- _How to complete this task_:
From the first line to the last, write out the records exactly, leaving out images.

Captioned web image data:
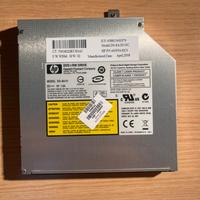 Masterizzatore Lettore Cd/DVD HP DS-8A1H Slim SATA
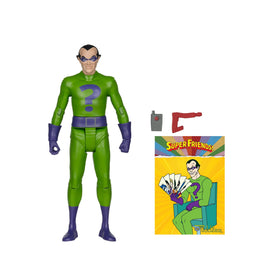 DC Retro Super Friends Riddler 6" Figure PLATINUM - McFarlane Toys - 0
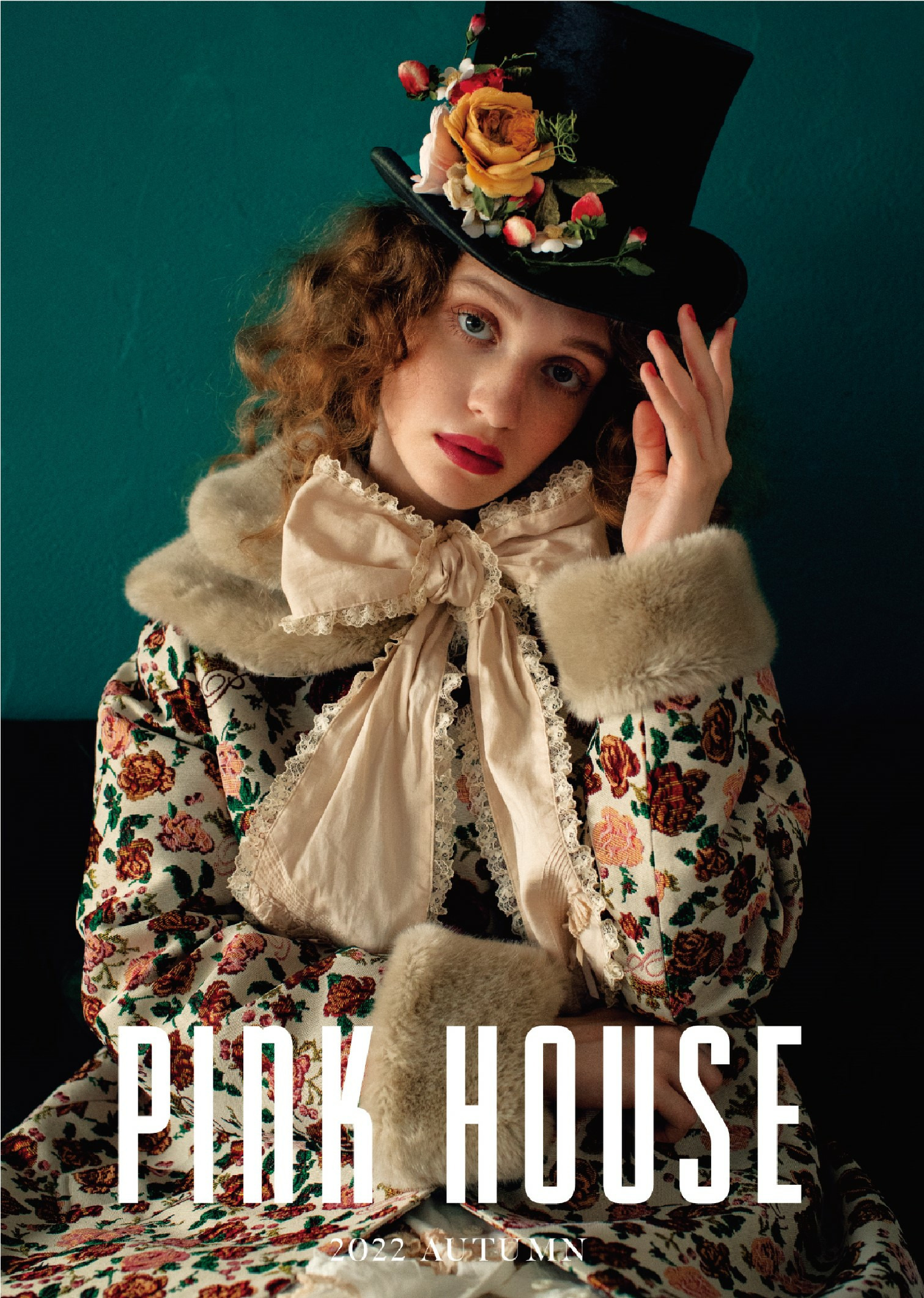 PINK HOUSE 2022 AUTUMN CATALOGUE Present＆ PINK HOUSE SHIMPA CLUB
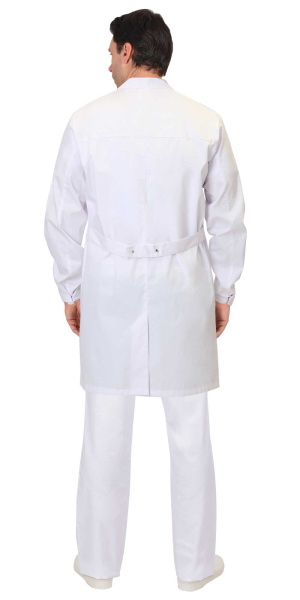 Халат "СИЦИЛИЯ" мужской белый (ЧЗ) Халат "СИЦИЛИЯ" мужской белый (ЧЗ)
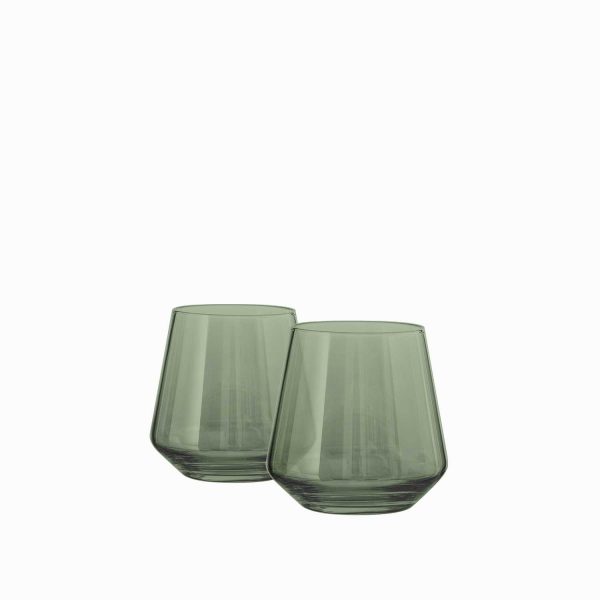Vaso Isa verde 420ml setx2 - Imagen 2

- _Reply to the exercise_:
 Masterizzatore Lettore Cd/DVD HP DS-8A1H Slim SATA
 DC Retro Super Friends Riddler 6" Figure PLATINUM - McFarlane Toys - 0
 PINK HOUSE 2022 AUTUMN CATALOGUE Present＆ PINK HOUSE SHIMPA CLUB
 Халат "СИЦИЛИЯ" мужской белый (ЧЗ) Халат "СИЦИЛИЯ" мужской белый (ЧЗ)
Vaso Isa verde 420ml setx2 - Imagen 2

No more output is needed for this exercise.